─── SUPPLIED ENTRIES

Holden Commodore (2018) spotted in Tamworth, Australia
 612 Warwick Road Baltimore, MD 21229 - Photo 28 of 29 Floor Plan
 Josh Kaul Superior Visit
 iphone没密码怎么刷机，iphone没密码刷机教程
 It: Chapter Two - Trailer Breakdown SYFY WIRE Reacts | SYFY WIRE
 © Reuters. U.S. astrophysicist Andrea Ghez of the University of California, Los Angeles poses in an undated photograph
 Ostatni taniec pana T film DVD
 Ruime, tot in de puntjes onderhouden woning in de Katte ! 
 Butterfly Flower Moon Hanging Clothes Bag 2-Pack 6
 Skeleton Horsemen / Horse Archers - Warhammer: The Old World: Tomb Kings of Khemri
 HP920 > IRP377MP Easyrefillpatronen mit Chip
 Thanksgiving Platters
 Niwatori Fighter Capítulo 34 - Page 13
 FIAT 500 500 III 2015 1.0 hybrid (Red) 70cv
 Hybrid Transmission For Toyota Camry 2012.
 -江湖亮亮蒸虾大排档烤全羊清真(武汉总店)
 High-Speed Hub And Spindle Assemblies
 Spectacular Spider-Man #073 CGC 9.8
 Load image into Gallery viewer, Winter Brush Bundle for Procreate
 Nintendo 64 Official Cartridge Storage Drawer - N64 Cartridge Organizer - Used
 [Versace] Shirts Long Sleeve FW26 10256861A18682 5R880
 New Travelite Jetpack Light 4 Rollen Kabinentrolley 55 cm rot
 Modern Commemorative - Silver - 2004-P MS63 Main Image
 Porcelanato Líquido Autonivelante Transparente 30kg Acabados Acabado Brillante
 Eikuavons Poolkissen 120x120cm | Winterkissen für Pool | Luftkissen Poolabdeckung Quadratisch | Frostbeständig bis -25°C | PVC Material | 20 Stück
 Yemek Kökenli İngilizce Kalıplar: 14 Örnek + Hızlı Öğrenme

──────

● TASK REQUIREMENTS: Repeat exactly the lines from the one containing "[Versace] Shirts Long" through the last line of the records above, both included, and nothing else.

● RESULT BELOW:
 [Versace] Shirts Long Sleeve FW26 10256861A18682 5R880
 New Travelite Jetpack Light 4 Rollen Kabinentrolley 55 cm rot
 Modern Commemorative - Silver - 2004-P MS63 Main Image
 Porcelanato Líquido Autonivelante Transparente 30kg Acabados Acabado Brillante
 Eikuavons Poolkissen 120x120cm | Winterkissen für Pool | Luftkissen Poolabdeckung Quadratisch | Frostbeständig bis -25°C | PVC Material | 20 Stück
 Yemek Kökenli İngilizce Kalıplar: 14 Örnek + Hızlı Öğrenme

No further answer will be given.